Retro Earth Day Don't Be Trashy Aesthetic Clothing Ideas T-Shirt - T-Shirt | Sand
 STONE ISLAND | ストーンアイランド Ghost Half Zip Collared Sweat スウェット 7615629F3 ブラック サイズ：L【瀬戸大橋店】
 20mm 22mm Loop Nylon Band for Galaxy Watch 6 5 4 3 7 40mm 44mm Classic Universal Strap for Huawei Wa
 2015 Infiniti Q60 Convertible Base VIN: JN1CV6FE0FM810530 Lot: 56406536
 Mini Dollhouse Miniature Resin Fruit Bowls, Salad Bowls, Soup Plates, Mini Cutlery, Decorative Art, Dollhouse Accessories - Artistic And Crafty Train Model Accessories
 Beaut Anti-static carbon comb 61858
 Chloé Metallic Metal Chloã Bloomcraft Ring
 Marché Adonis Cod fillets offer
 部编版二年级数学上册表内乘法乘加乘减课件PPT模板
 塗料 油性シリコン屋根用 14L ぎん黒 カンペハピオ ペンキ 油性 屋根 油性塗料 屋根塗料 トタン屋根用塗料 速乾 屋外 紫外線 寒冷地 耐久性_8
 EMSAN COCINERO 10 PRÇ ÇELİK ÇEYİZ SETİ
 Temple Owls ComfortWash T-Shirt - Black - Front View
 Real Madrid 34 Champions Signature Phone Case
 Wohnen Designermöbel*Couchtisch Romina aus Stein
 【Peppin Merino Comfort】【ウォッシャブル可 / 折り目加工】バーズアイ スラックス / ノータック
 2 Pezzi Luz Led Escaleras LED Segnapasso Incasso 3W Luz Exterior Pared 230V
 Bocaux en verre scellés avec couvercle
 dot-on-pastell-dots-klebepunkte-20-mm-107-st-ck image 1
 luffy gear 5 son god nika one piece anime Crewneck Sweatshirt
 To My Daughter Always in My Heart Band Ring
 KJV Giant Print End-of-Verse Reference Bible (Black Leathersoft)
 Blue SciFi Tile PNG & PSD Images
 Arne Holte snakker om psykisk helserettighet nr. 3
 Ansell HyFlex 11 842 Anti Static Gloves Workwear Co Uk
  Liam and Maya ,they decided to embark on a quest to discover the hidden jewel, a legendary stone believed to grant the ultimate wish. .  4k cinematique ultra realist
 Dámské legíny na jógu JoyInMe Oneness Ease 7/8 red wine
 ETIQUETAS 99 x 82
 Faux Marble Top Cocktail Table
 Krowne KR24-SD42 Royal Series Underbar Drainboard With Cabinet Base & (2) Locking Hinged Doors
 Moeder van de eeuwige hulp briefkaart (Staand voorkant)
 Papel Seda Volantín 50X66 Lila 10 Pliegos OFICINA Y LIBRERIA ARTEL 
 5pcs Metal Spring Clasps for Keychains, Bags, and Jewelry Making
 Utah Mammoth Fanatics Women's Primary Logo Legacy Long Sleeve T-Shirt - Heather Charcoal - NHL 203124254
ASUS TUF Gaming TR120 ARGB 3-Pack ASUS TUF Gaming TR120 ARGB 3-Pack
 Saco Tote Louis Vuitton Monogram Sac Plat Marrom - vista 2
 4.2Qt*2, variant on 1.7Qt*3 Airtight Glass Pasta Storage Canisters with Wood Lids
=-=-=-=-=
*YOUR GOAL*:
Once a line of the records is found to contain "Band", copy it out.

*RESPONSE AREA*:
 20mm 22mm Loop Nylon Band for Galaxy Watch 6 5 4 3 7 40mm 44mm Classic Universal Strap for Huawei Wa
 To My Daughter Always in My Heart Band Ring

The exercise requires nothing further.